Spectator, The, Feb 6, 1999 by Delingpole, James

Even though I'm quite funny and very foul-mouthed, I don't think I'd ever make it on the northern stand-up comedy circuit. One problem is that I'm a skinny, southern pooL The other is that I could never tell decent mother-in-law jokes. The reason for this is that, with the possible exception of my wife, I have the finest mother-in-law one could ever hope to have.

Not only does she still look amazingly good - which augurs rather well for the wife's physical charms in 30 years time; not only does she never nag me (far from it she's always smiling beatifically at me and listening intently to my every utterance as if it were the apogee of Wildean wit); not only does she do an awesome osso bucco; but most impressively of all - and there aren't many sons-in-law who can make this claim - my mother-in-law helped to sink the Bismarck.

She did it 50-odd years ago while working as a code-breaker at Bletchley Park, though I only discovered this very recently because she's so damned modest. What changed her mind was the spate of articles about Channel 4's enthralling history of Bletchley and Enigma, Station X (Channel 4, Thursday). In one of them, someone claimed that it was Hut Six which had deciphered the Bismarck's whereabouts. `Nonsense!' she exclaimed. `It was us. Hut Eight.'

Anyway, she has now (reluctantly) agreed to take us all on a guided tour of Bletchley, which I'm desperately looking forward to now that my appetite has been whetted by the excellent Station X. Of course, I wasn't unaware of the achievements of heroic Alan Turing and his team but, until I saw the series, I had always supposed that the processes of code-breaking and the workings of the Enigma machine were a little too abstruse and technical for mathematically-challenged half-wits like me.

By the end of episode one, though and this speaks volumes for the programme's lucidity - I could have told you in laborious detail precisely how the various flywheels, circuit wires and keys of the Enigma machine operated; and exactly how the Bletchley team went about cracking a code which - with odds of something like a million million million to one against should have been uncrackable.
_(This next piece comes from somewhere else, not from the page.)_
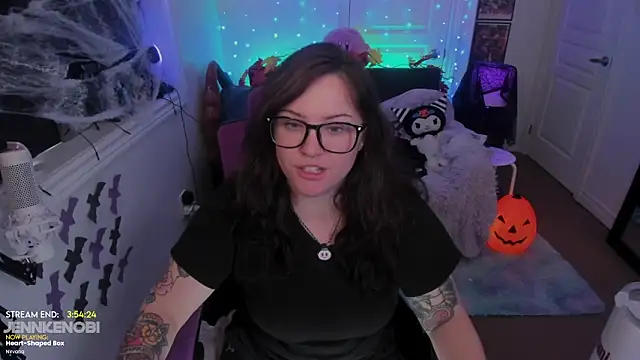 JennKenobi online show from 10.28.25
As, indeed, I went on to do ad nauseam to any of my dinner party guests unfortunate enough to have missed the programme.

Some people have been irritated by Station X's portentous narration (`It was the Allies' darkest hour. Unless the Kriegsmarine/Luftwaffe/Wehrmacht codes could be cracked within ten seconds etc., etc.'); others by the soft focus re-enactment footage of tweedy young varsity types pretending to be code-breakers. Personally, I didn't find either a problem because a) I doubt it's really possible to exaggerate Enigma's importance and b) close-ups of keyboards or shots of nostalgic oldsters on lawns saying things like 'Ah, yes. The geese. How little they've changed since '41' can grow a bit dull after a while.

Oh, and lest you think I was being too creepy to my dear mother-in-law earlier on, I ought to add that there was an unflattering bit in the documentary which struck a familiar chord. It was the one describing how hopelessly unworldly were some of the pretty young toffettes who'd been recruited to Bletchley. Shortly after struggling in vain to make her first cup of tea, one gel was overheard saying: `How do you get the leaves to sink beneath the water?' Sorry, Rosemary, but I refuse to believe it wasn't you.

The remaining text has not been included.